What are hedge funds?
- Hedge funds are a type of investment vehicle that pools capital from accredited individual investors and employs various strategies to generate active returns, or alpha, for their investors. Unlike mutual funds, which are typically more regulated and have stricter guidelines on the types of investments they can make, hedge funds have greater flexibility in their investment choices and strategies. Here are some characteristics of hedge funds:
- Accredited Investors: Hedge funds are usually open only to accredited investors, which means individuals or entities that meet certain financial criteria, such as a high net worth or significant income.
- Active Management: Hedge funds are actively managed, meaning that the fund manager frequently buys and sells assets to beat the market.
- Leverage: Hedge funds often use leverage, or borrowed money, to amplify their returns.
- Short Selling: One common strategy hedge funds use is short selling, where the fund borrows a stock and sells it, hoping to repurchase it later at a lower price to make a profit.

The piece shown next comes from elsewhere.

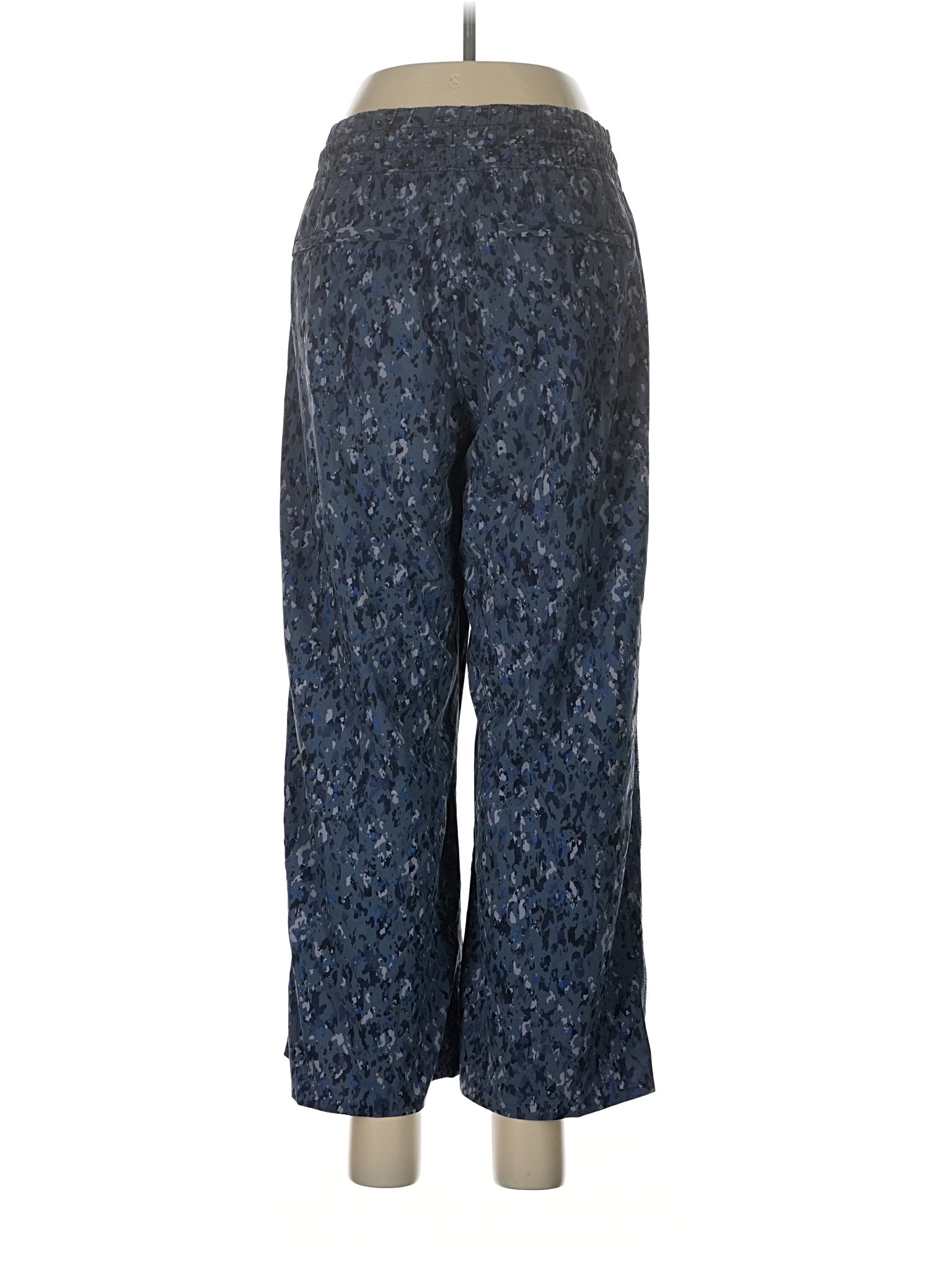 2 size - 8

It allows hedge funds to profit from falling asset prices.
The behavior of Hedge Funds in Commodities
An index called Bloomberg Commodity Spot Index tracks futures in metals, energy, and agricultural commodities, and has dropped 11% from its peak in May 2024. On top of it, the sign of worry is that many hedge funds are bearish on commodity prices - the highest in 13 years.
For the week ending August 6, as per data from the US Commodity Futures Trading Commission (complied by Bloomberg), the hedge funds have a combined net short position (explained in the last point in the previous section) of 153,000 futures and options across 20 raw material markets.
Why are hedge funds bearish on commodities?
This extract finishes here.